When you reach the line in the listing below that contains "Jul 20, 2019;", begin returning lines exactly as written, and stop after the line that contains "Photo for Sick". Return no other lines.

EXERCISE DATA START

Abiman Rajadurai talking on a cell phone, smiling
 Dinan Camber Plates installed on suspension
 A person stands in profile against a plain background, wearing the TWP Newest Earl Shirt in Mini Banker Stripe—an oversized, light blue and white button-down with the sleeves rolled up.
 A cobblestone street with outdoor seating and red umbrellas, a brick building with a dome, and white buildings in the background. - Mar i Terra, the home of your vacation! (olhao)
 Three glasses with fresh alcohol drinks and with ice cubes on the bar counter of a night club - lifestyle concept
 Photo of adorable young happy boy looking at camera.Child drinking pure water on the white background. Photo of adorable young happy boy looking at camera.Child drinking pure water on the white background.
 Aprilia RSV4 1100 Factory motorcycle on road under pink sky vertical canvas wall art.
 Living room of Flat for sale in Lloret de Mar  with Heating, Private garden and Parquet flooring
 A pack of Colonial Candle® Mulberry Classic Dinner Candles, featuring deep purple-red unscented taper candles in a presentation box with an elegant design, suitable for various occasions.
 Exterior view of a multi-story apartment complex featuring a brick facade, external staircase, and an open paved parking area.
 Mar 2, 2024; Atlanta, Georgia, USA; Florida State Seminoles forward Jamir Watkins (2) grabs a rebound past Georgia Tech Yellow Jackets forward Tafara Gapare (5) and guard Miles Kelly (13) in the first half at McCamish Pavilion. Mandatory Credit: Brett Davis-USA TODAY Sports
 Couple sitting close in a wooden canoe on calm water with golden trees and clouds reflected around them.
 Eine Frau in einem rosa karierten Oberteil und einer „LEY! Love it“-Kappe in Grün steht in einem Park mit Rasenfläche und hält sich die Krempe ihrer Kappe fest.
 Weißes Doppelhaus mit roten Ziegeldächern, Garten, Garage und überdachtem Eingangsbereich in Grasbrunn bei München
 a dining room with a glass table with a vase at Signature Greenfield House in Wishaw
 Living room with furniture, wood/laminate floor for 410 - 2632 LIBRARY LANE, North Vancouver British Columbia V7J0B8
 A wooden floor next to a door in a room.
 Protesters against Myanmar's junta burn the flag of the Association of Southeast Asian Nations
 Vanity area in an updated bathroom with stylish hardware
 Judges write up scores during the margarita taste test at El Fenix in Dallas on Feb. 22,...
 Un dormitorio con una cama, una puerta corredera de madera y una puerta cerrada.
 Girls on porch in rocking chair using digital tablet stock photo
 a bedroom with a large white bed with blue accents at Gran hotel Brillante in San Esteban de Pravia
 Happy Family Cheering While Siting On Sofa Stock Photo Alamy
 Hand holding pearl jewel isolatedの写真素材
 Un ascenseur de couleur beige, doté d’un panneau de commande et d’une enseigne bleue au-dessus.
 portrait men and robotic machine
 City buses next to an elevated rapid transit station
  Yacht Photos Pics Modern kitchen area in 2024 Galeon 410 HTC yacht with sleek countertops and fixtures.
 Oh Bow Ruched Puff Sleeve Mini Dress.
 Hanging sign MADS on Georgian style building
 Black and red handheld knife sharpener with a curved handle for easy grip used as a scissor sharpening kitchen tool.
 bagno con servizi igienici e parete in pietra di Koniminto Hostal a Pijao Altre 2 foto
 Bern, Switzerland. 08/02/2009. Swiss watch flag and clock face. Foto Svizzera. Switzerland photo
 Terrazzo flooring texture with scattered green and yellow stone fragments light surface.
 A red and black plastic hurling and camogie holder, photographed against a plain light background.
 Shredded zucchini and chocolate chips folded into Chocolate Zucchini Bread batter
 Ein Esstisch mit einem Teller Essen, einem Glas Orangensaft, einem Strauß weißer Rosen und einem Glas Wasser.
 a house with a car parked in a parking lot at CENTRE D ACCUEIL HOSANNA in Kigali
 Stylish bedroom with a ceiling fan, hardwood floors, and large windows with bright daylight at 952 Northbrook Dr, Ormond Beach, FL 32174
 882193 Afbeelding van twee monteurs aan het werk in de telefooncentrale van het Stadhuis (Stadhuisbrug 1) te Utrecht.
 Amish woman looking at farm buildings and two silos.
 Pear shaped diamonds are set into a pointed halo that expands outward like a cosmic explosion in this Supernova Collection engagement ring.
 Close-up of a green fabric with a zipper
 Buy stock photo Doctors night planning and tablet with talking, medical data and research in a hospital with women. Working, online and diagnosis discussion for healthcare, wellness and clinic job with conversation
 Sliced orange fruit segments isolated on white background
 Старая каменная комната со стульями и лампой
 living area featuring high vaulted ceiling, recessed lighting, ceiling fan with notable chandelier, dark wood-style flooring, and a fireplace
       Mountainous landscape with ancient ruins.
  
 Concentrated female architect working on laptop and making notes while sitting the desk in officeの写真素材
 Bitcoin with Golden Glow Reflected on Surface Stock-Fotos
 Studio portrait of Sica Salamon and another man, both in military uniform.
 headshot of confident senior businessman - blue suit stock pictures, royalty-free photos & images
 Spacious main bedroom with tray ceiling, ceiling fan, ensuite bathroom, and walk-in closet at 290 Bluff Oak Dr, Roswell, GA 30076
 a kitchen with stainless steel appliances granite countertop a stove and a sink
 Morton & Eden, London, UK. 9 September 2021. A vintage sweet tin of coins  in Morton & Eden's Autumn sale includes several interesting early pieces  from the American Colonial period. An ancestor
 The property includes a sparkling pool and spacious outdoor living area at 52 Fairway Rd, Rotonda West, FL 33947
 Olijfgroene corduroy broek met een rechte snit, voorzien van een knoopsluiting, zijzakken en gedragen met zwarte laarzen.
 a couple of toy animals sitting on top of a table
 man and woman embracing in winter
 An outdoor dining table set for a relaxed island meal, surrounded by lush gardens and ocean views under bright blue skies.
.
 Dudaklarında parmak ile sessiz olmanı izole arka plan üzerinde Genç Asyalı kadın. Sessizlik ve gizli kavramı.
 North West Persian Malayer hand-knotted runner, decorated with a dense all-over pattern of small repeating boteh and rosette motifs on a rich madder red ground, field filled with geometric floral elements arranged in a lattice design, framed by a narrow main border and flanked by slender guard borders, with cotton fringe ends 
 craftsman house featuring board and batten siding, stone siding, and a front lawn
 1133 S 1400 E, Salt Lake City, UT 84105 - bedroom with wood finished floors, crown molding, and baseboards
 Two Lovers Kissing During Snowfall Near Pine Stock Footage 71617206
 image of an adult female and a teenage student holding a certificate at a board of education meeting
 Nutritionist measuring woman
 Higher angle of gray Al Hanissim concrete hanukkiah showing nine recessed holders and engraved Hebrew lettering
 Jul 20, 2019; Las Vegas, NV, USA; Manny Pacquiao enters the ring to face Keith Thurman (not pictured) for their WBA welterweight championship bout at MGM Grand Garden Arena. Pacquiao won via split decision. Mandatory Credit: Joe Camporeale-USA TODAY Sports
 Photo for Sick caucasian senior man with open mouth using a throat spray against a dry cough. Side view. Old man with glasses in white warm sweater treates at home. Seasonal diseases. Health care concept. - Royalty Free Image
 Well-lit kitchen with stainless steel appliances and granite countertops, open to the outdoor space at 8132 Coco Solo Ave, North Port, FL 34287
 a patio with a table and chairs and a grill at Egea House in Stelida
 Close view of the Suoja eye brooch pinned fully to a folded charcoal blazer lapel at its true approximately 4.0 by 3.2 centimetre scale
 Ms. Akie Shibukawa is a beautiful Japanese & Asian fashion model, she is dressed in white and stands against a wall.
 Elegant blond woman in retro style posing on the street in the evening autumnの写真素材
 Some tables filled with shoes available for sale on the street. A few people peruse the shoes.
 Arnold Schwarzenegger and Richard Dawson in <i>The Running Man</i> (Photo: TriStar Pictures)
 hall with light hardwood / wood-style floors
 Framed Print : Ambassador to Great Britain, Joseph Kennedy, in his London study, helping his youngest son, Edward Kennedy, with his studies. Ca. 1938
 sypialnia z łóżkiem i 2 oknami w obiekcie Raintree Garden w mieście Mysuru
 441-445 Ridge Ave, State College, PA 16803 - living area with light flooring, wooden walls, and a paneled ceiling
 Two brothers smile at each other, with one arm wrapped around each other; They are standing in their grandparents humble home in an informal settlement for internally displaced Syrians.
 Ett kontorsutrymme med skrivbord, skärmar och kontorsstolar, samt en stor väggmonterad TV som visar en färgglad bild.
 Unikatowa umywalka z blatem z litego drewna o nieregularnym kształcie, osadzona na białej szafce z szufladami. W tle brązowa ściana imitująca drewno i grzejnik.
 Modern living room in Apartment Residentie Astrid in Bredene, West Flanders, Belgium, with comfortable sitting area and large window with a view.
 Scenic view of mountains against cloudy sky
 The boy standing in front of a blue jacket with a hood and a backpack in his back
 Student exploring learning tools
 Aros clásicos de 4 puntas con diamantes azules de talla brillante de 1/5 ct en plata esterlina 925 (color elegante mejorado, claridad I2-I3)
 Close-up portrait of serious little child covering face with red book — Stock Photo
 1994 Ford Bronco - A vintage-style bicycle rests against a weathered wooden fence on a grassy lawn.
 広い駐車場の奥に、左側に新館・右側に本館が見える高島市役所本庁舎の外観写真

EXERCISE DATA END

_EXERCISE RESPONSE_:
 Jul 20, 2019; Las Vegas, NV, USA; Manny Pacquiao enters the ring to face Keith Thurman (not pictured) for their WBA welterweight championship bout at MGM Grand Garden Arena. Pacquiao won via split decision. Mandatory Credit: Joe Camporeale-USA TODAY Sports
 Photo for Sick caucasian senior man with open mouth using a throat spray against a dry cough. Side view. Old man with glasses in white warm sweater treates at home. Seasonal diseases. Health care concept. - Royalty Free Image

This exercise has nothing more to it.